## Required action
Starting at the line with "Behind the scenes look", copy each line through the last one below exactly as written, without any pictures.

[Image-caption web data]

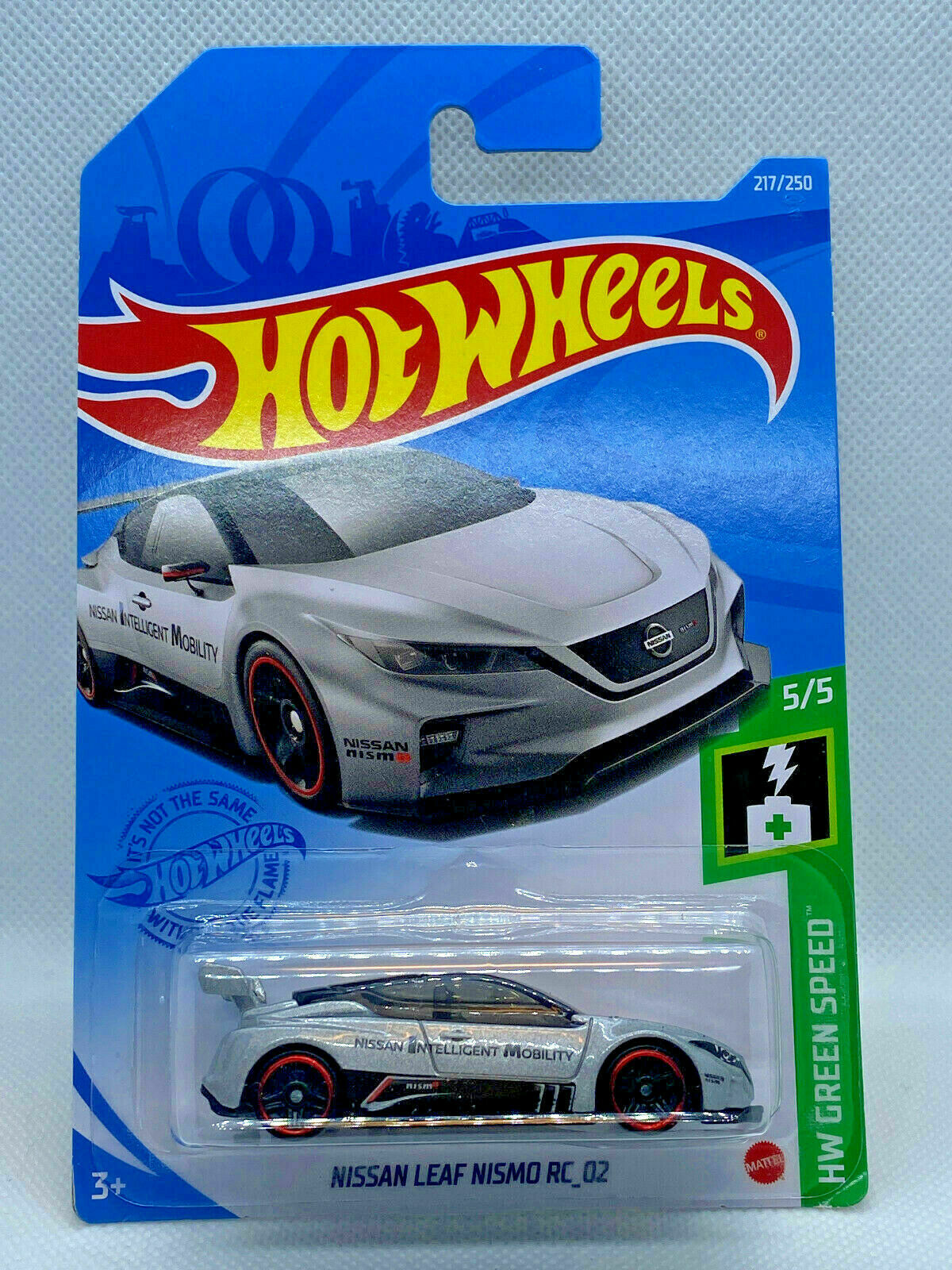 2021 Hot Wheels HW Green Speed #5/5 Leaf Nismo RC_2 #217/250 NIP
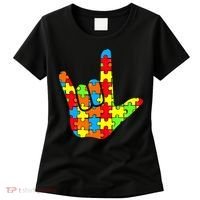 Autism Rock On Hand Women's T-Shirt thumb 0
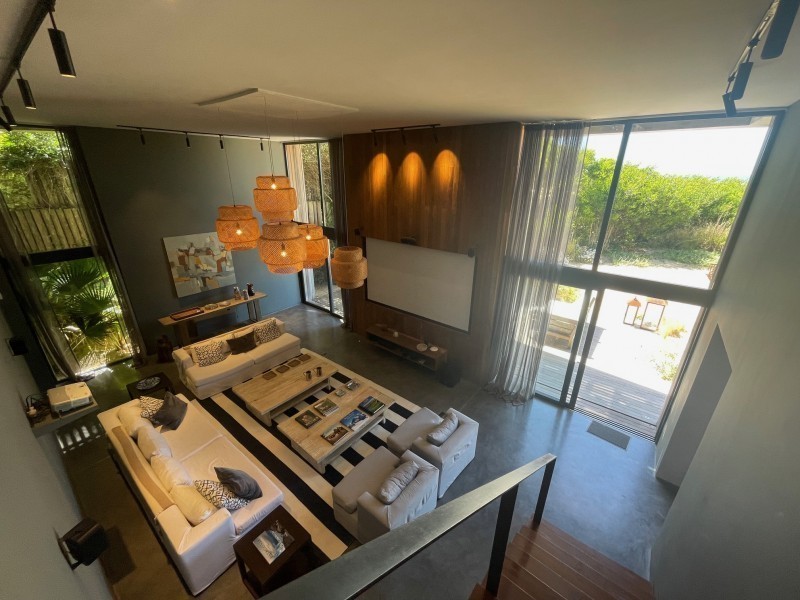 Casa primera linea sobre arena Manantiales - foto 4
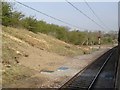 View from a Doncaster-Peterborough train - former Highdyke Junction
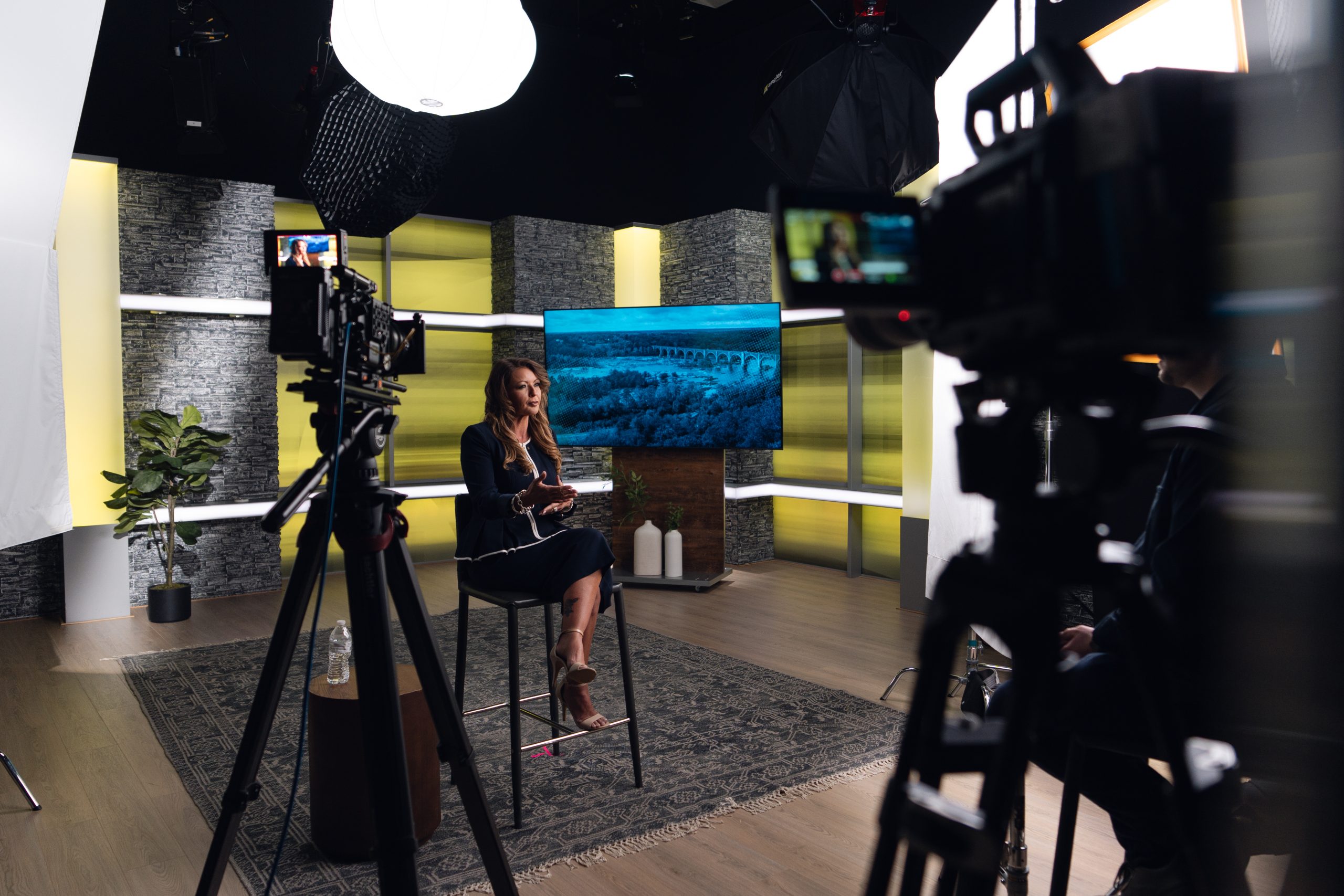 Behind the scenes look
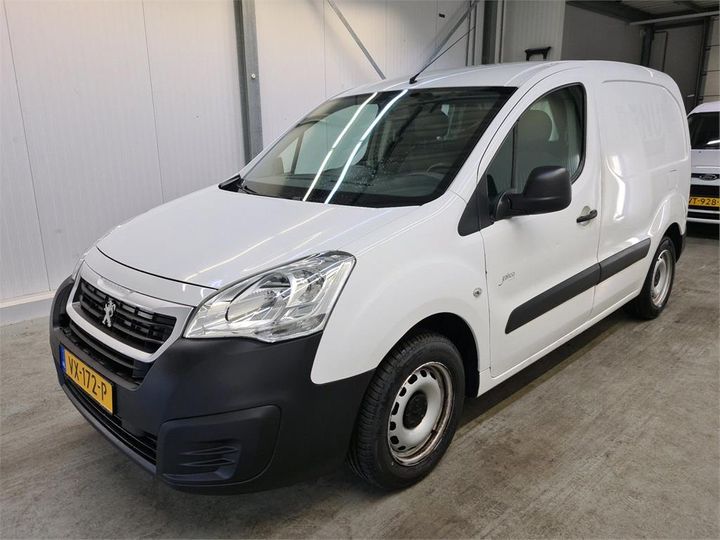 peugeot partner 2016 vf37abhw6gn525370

## Task response
 Behind the scenes look
 peugeot partner 2016 vf37abhw6gn525370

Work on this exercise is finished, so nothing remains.